§ TASK GOAL
Once the line containing "official_ACE7's tweet photo. [#에이스_준찬]" is found in the data below, repeat it and every later line exactly, leaving the pictures out.

§ DATASET RECORDS
============================================================

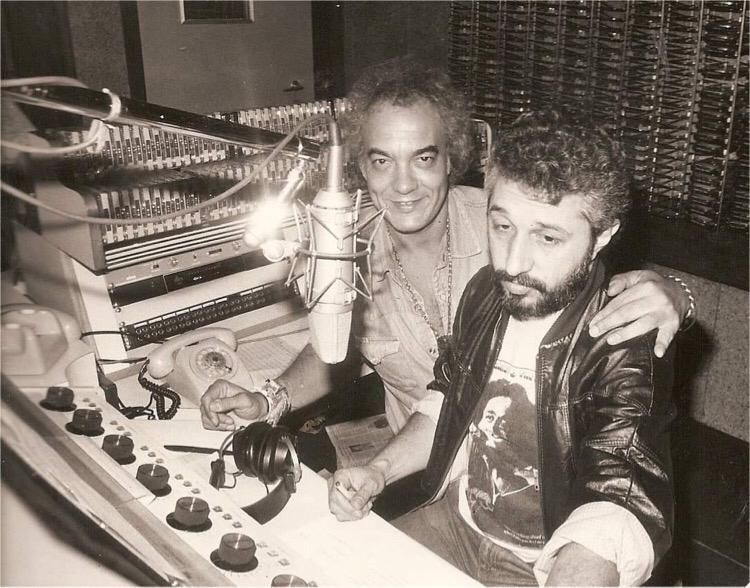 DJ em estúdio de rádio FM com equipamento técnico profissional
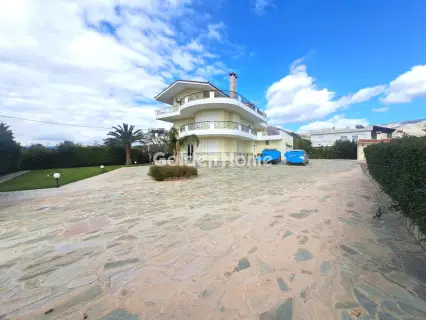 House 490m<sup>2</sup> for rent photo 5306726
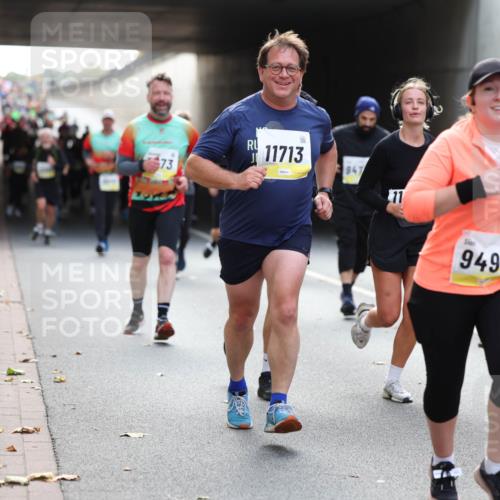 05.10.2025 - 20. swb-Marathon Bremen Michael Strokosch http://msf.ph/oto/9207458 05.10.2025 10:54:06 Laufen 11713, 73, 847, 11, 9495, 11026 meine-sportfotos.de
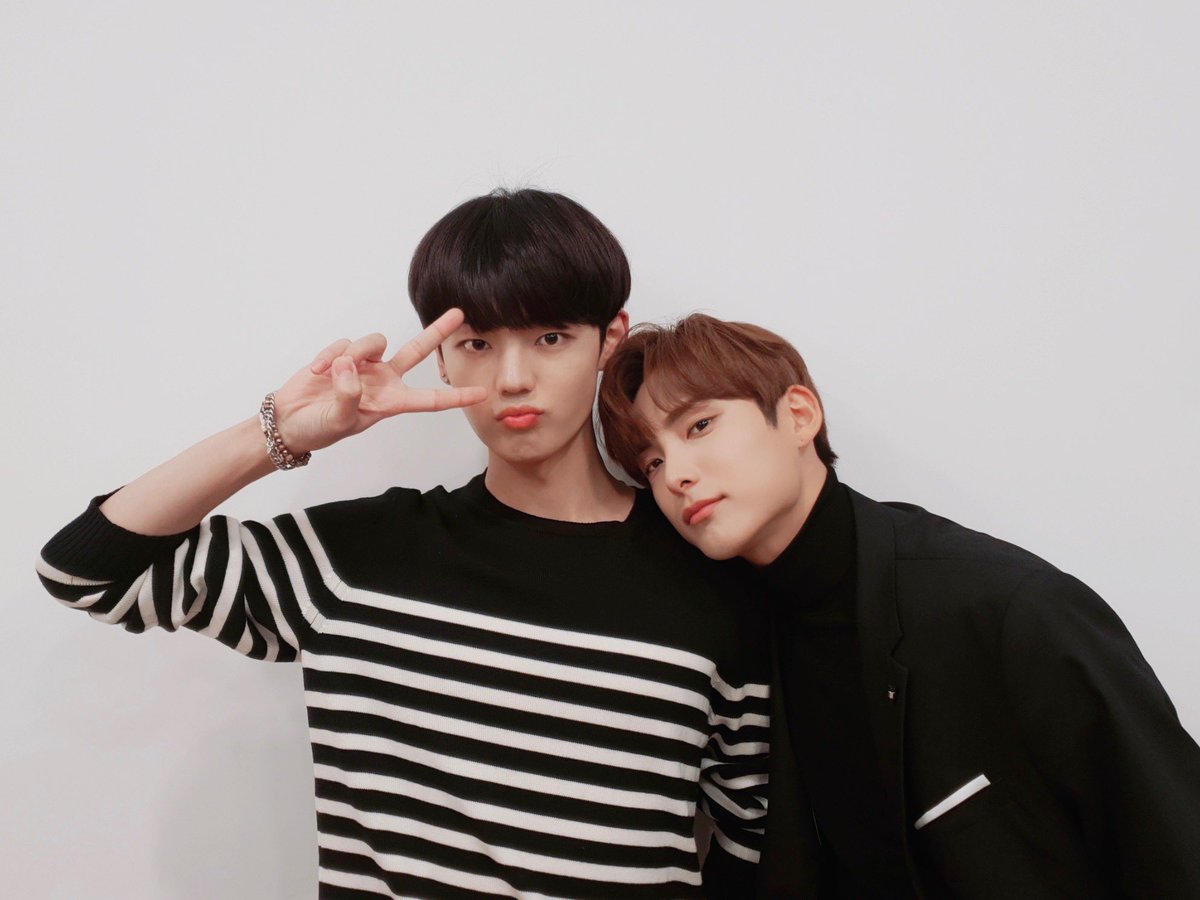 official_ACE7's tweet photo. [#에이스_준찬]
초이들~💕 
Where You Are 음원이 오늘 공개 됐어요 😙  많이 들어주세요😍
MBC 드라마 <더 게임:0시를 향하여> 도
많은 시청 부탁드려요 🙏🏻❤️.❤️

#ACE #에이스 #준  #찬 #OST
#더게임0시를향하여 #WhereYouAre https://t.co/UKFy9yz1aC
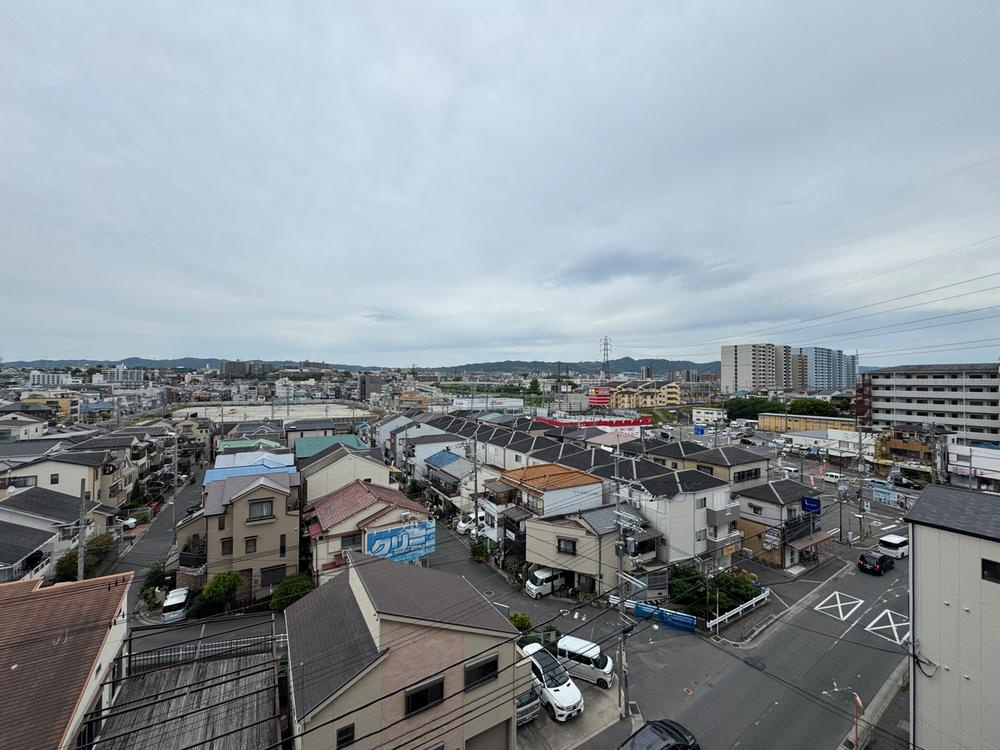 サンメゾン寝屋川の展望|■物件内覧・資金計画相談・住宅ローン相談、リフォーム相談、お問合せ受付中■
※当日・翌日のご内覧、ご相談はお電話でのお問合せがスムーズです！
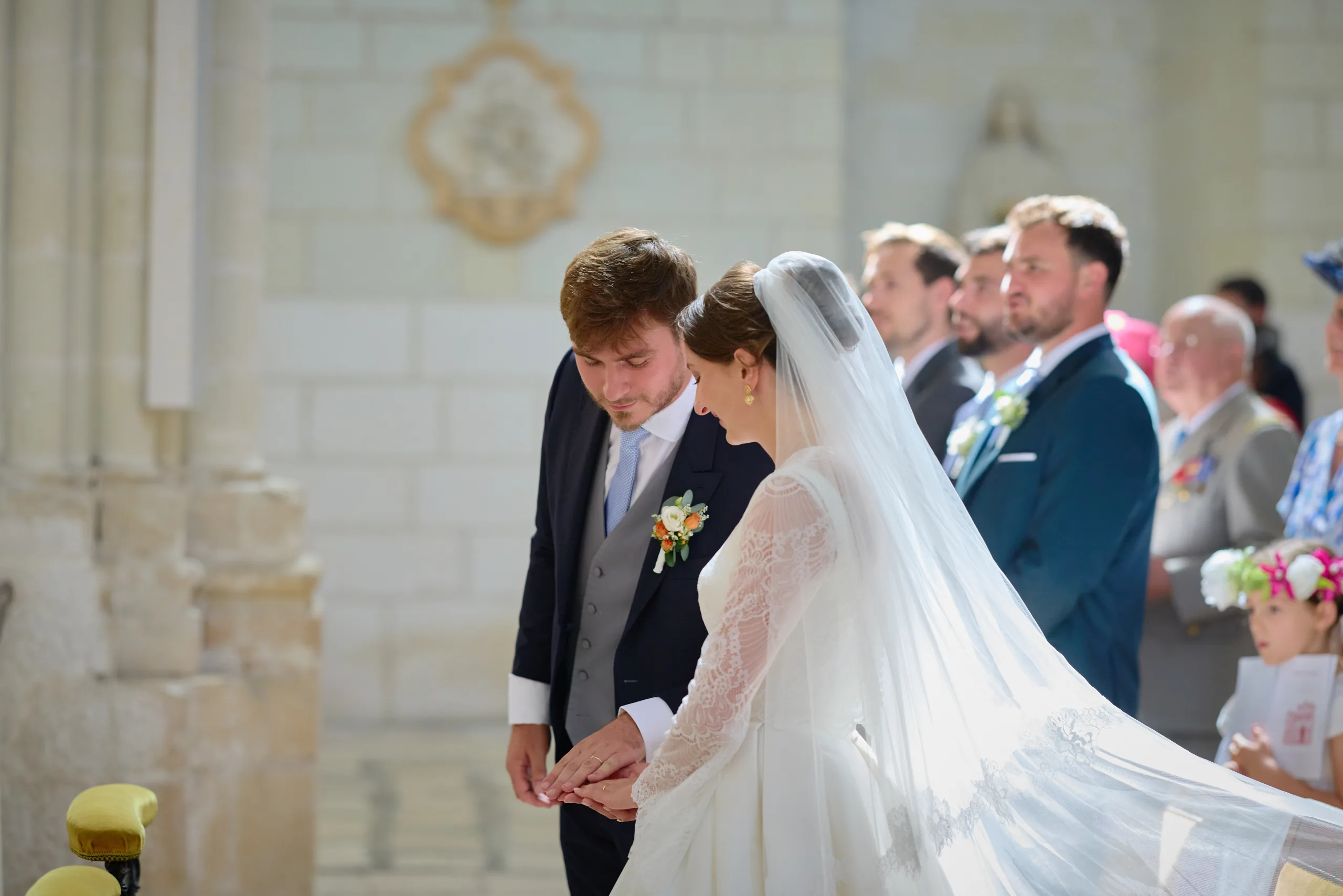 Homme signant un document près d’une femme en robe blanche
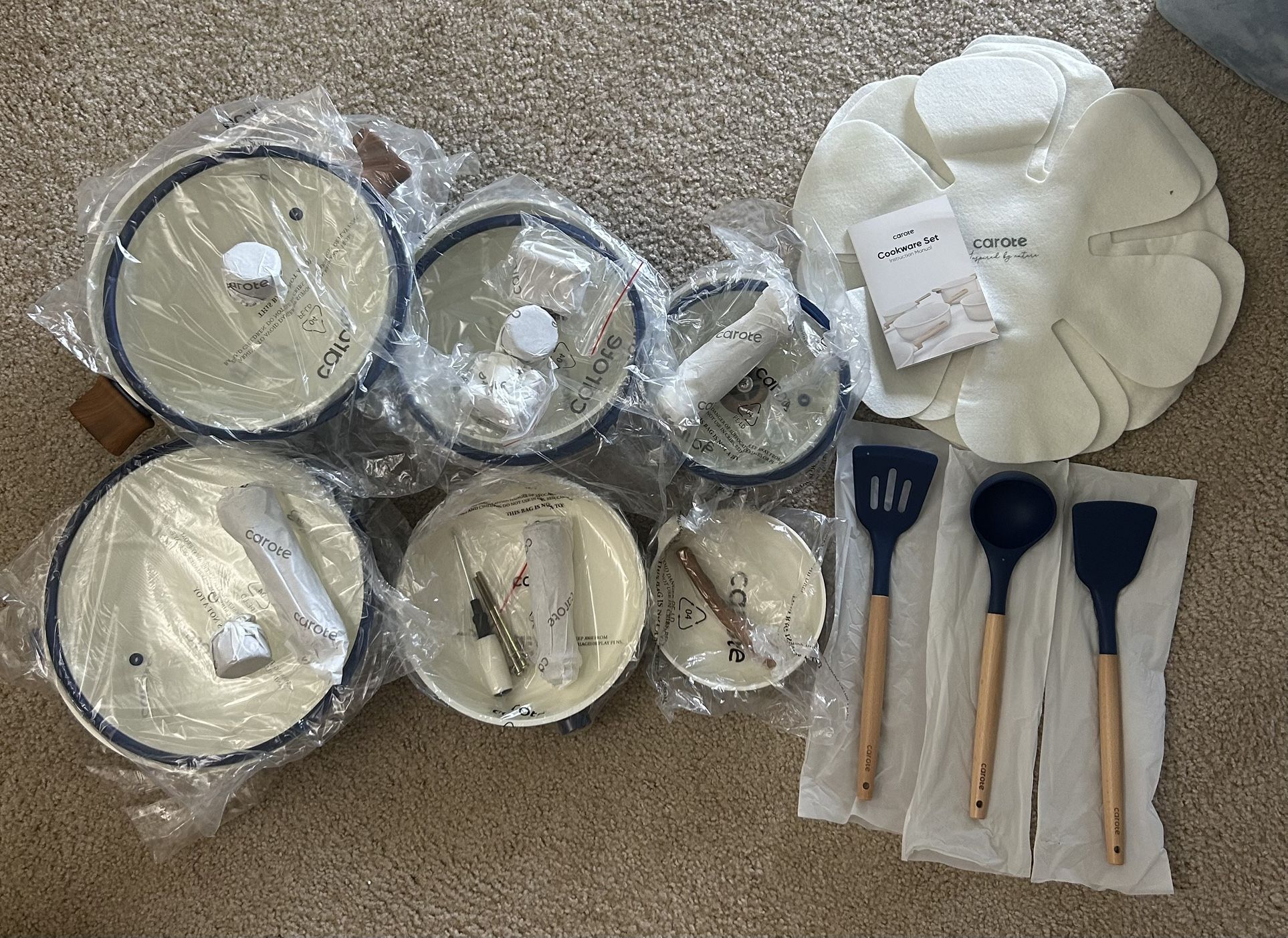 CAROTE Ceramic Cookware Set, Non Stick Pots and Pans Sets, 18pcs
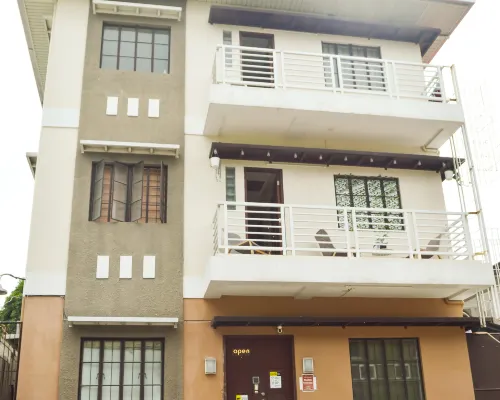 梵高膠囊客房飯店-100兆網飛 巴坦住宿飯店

============================================================

§ SOLUTION TO THE EXERCISE
 official_ACE7's tweet photo. [#에이스_준찬]
초이들~💕 
Where You Are 음원이 오늘 공개 됐어요 😙  많이 들어주세요😍
MBC 드라마 <더 게임:0시를 향하여> 도
많은 시청 부탁드려요 🙏🏻❤️.❤️

#ACE #에이스 #준  #찬 #OST
#더게임0시를향하여 #WhereYouAre https://t.co/UKFy9yz1aC
 サンメゾン寝屋川の展望|■物件内覧・資金計画相談・住宅ローン相談、リフォーム相談、お問合せ受付中■
※当日・翌日のご内覧、ご相談はお電話でのお問合せがスムーズです！
 Homme signant un document près d’une femme en robe blanche
 CAROTE Ceramic Cookware Set, Non Stick Pots and Pans Sets, 18pcs
 梵高膠囊客房飯店-100兆網飛 巴坦住宿飯店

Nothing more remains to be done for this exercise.